--- WHAT IS EXPECTED ---
In the listing below, start your output at the line with "Targus click-in case" and end it after the line with "Eduse_Logo1.gif", copying every line exactly.
━━━ SOURCE MATERIAL ━━━
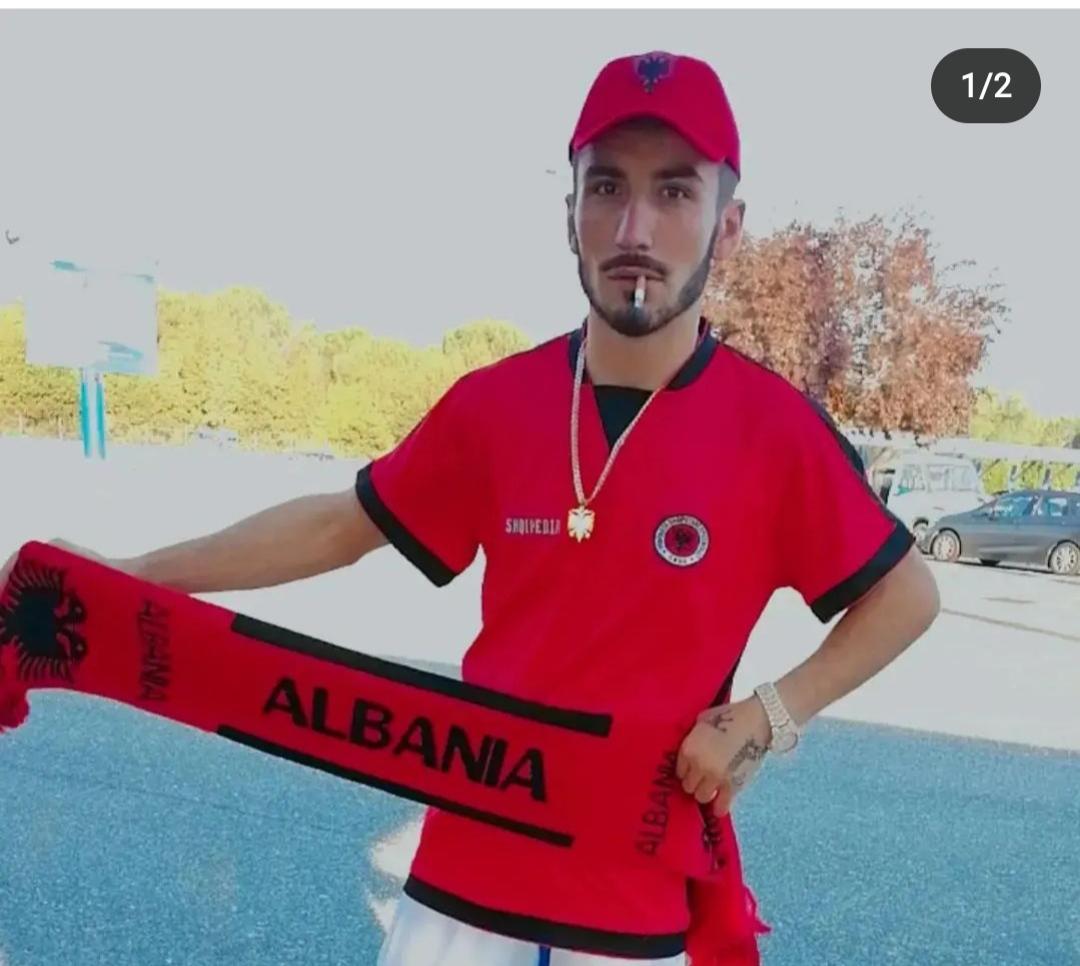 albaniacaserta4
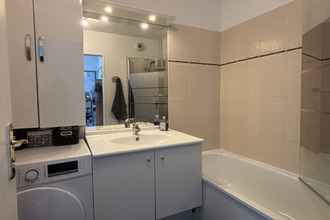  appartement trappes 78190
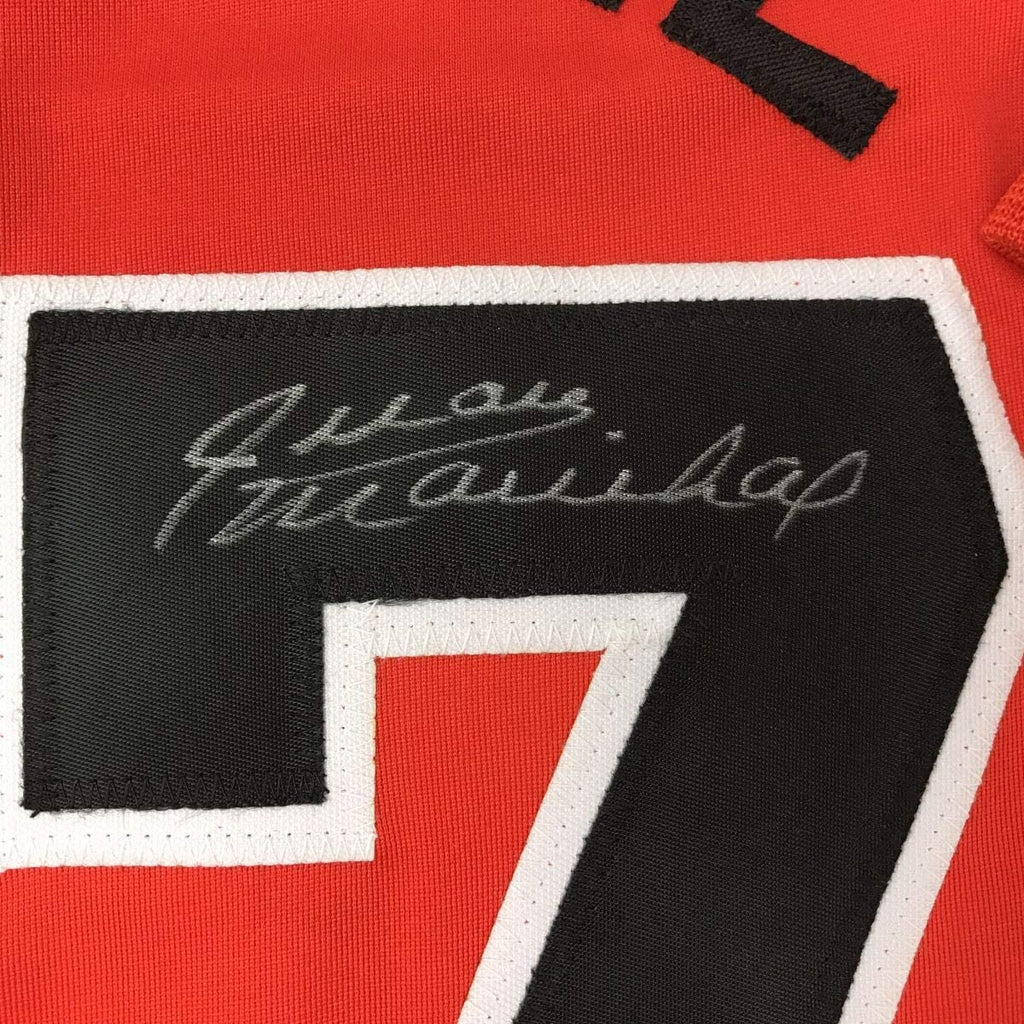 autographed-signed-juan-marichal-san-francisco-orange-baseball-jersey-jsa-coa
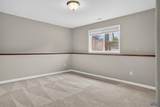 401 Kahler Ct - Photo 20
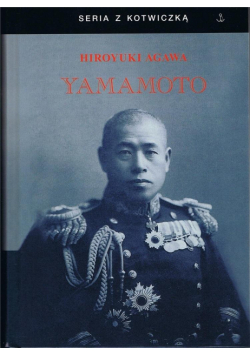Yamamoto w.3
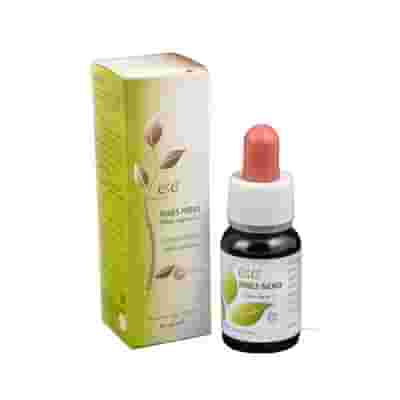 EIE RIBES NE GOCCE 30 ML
━━━
━━━ SOURCE MATERIAL ━━━
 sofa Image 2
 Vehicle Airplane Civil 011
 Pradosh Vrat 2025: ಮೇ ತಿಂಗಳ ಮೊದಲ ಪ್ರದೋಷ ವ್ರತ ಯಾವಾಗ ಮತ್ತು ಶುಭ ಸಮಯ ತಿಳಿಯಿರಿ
━━━
━━━ SOURCE MATERIAL ━━━
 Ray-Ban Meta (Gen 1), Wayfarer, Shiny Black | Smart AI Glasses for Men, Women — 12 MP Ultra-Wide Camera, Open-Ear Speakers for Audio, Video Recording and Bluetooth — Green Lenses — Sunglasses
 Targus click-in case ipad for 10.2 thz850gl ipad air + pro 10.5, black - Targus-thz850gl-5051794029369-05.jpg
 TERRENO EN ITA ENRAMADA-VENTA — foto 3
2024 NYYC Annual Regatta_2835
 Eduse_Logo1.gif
━━━
--- EXERCISE SOLUTION ---
 Targus click-in case ipad for 10.2 thz850gl ipad air + pro 10.5, black - Targus-thz850gl-5051794029369-05.jpg
 TERRENO EN ITA ENRAMADA-VENTA — foto 3
2024 NYYC Annual Regatta_2835
 Eduse_Logo1.gif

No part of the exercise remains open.